The Court is asked to decide whether the debtor should be collaterally estopped from litigating before this Court issues allegedly determined in the prior NASD arbitration proceeding in Arizona, and whether, in turn, the application of nonmutual, defensive collateral estoppel precludes the plaintiffs themselves from litigating before this Court issues, once again, allegedly already determined in the prior adversary proceeding in the United States Bankruptcy Court for the Southern District of Florida.

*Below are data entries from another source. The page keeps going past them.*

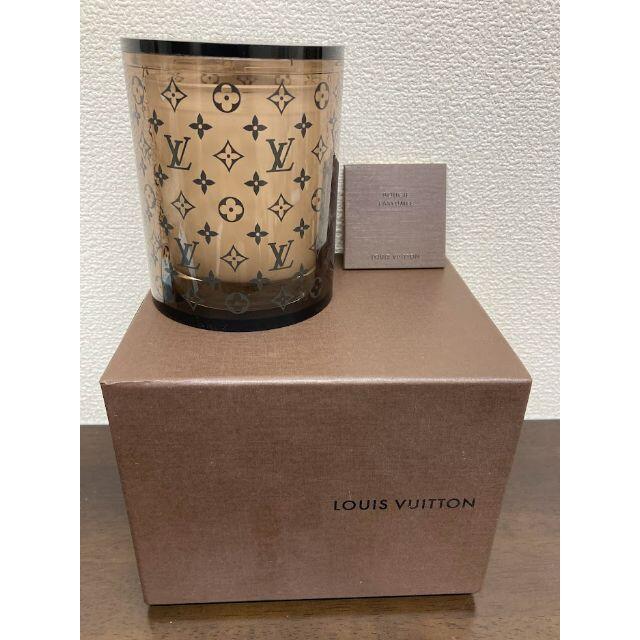 LOUIS VUITTON(ルイヴィトン)の未使用品 ルイヴィトン モノグラム アロマキャンドル ノベルティ コスメ/美容の香水(その他)の商品写真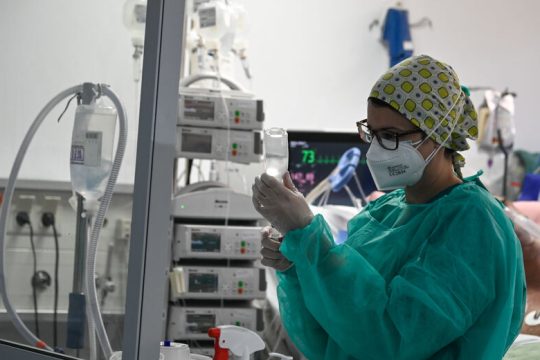 Αυξήθηκαν πάνω από το μισό οι θάνατοι – Σταθερά κρούσματα και διασωληνώσεις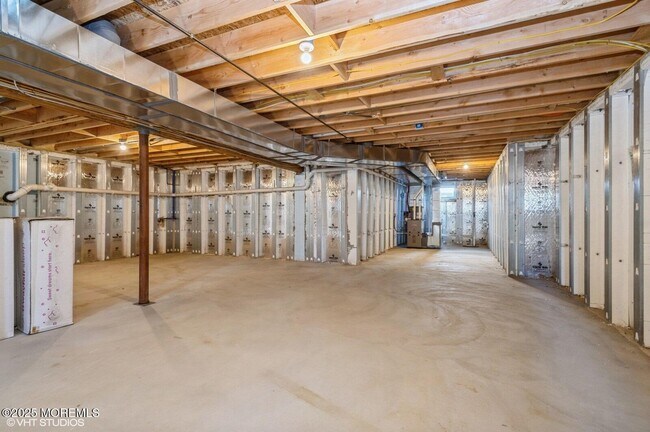 Building Photo - 2019 Oakhurst Pkwy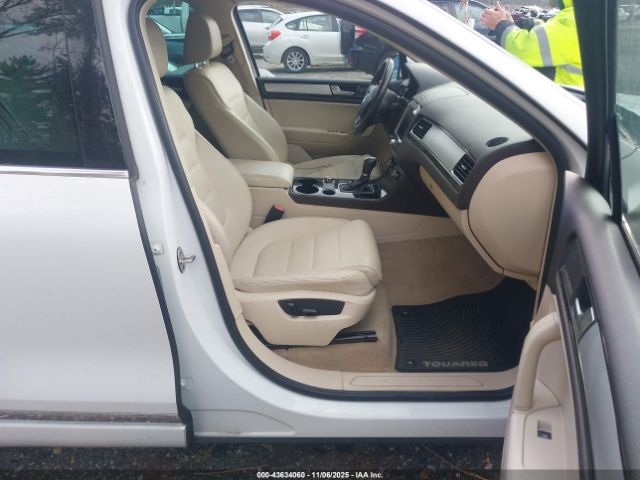 2013 VOLKSWAGEN TOUAREG WVGEF9BP0DD001419 Photo 4
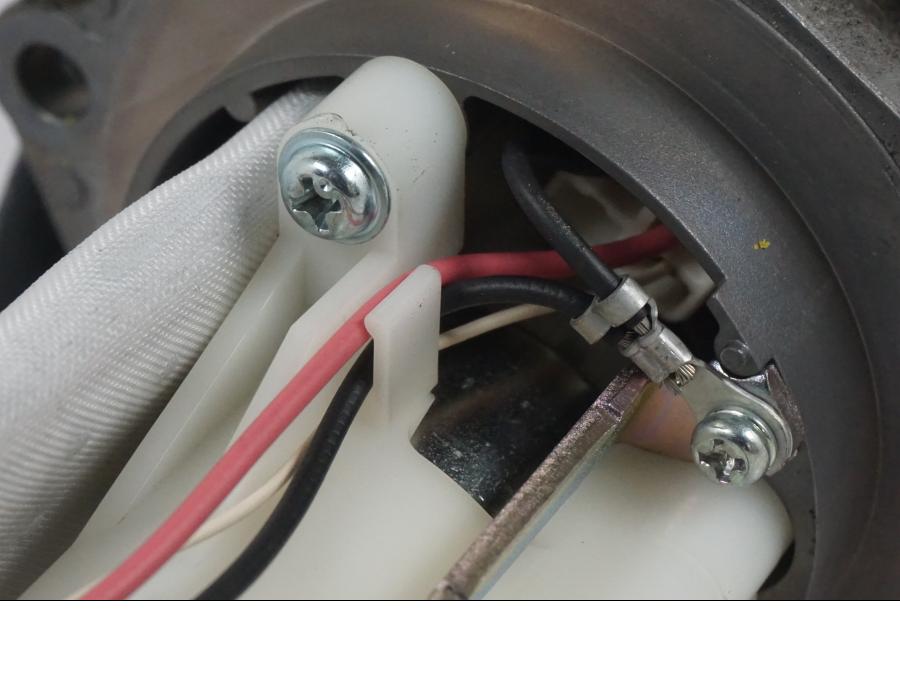 Höger sida på Bensinpump insprut från en Kawasaki ER-6N ABS -2010 motorcykel.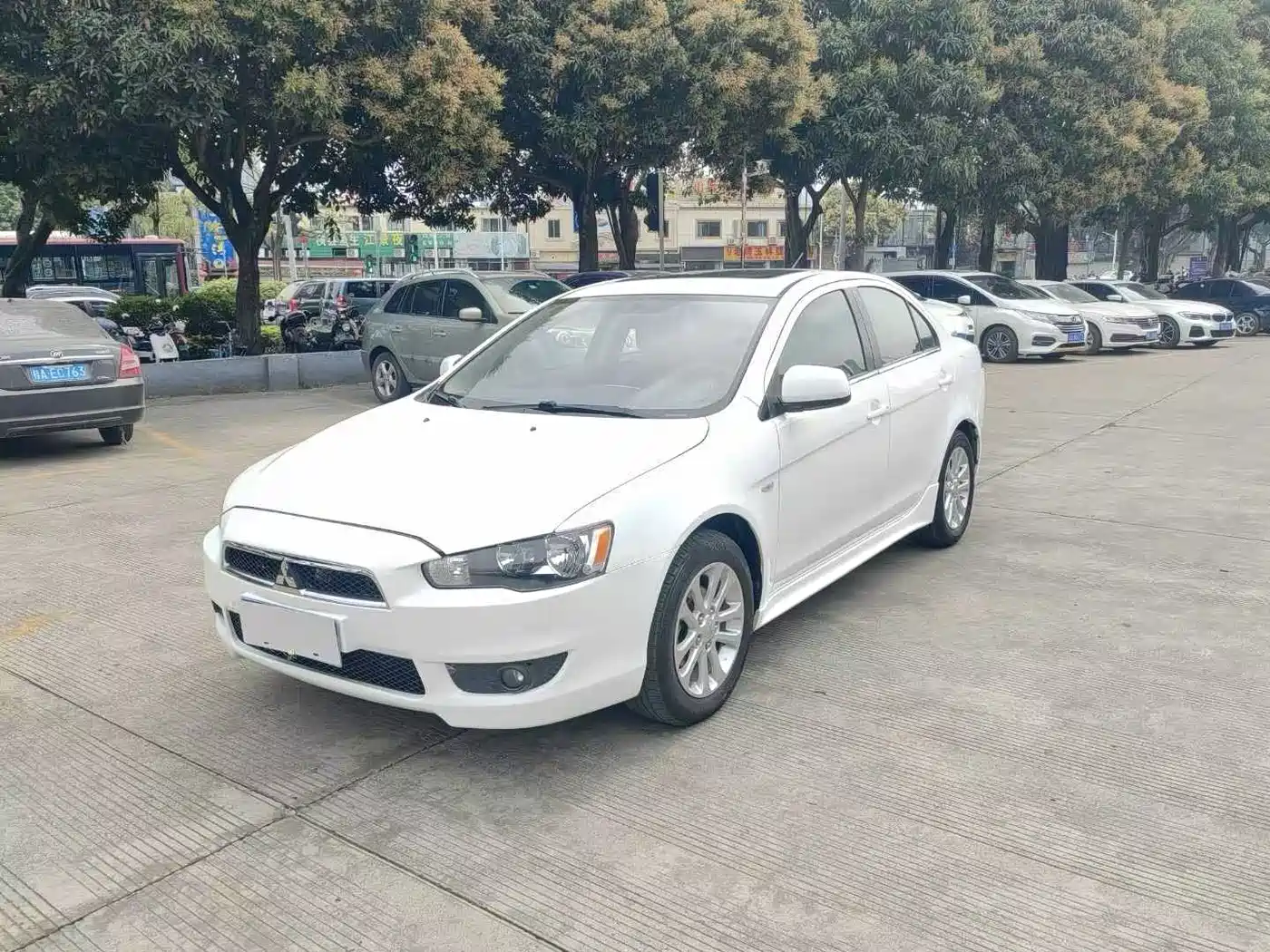 Mitsubishi Lancer EX 2012 Zhishang 1.8L CVT Luxury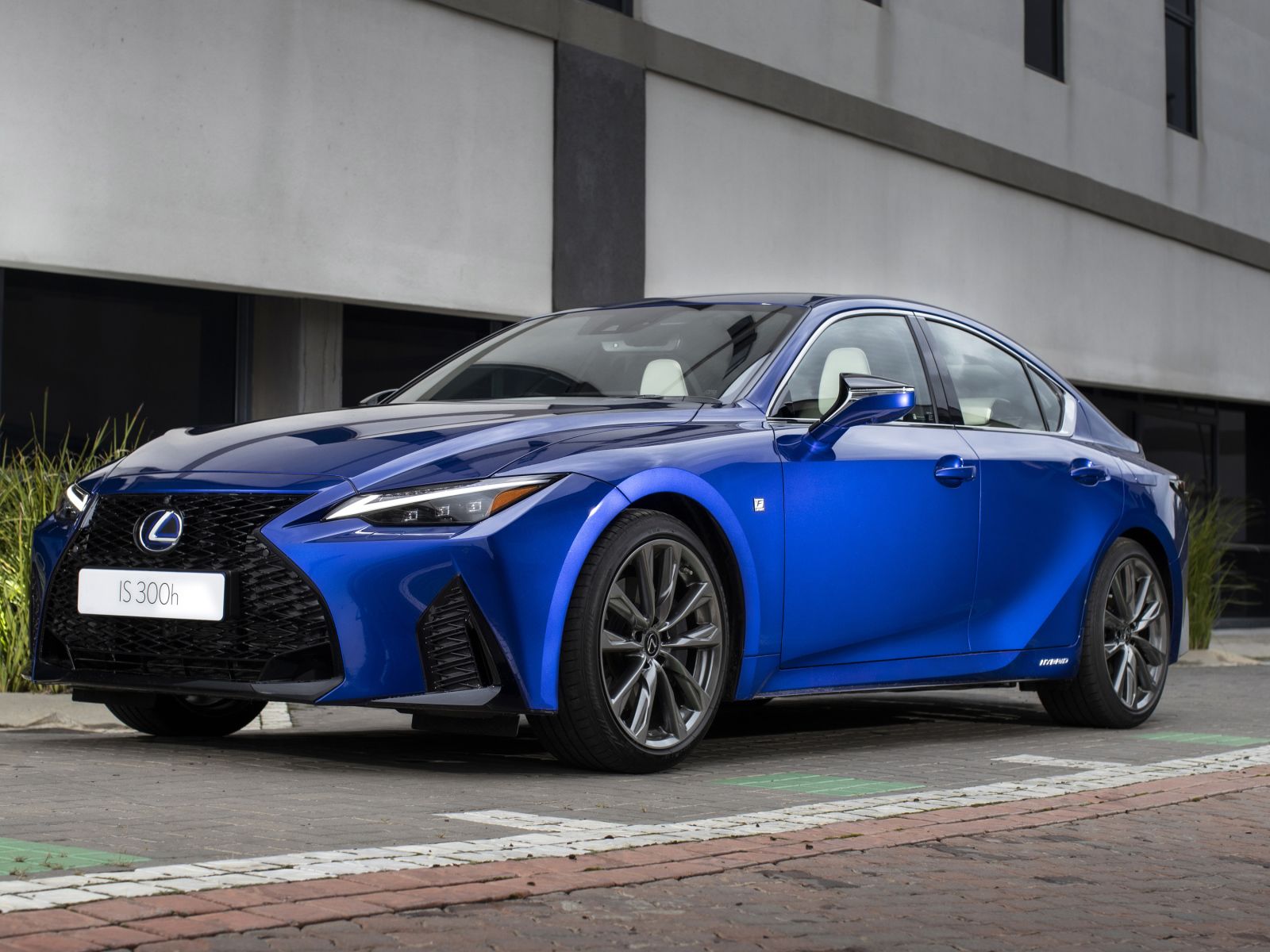 Синий автомобиль Lexus IS 300h F SPORT 2021 года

For the reasons which follow, this Court will not at present make a determination on the merits. Furthermore, findings of fact and conclusions of law are unnecessary at this point, consistent with Fed.R.Civ.P. 52(a), made applicable in this matter through F.R.Bankr.P. 7052

Discussion.

The provisions of the Bankruptcy Code at issue which pertain to exceptions to discharge state in relevant part:

§ 523. Exceptions to discharge

(a) A discharge under section 727, 1141, 1228(a), 1228(b), or 1328(b) of this title does not discharge an individual debtor from any debt —

. . . .

(2) for money, property, services, or an extension, renewal, or refinancing of credit, to the extent obtained, by —

(A) false pretenses, a false representation, or actual fraud, other than a statement respecting the debtor's or insider's financial condition; . . .

. . . .

(4) for fraud or defalcation while acting in a fiduciary capacity, embezzlement, or larceny; . .

. . . .

(6) for willful and malicious injury by the debtor to another entity or to the property of another entity; . . .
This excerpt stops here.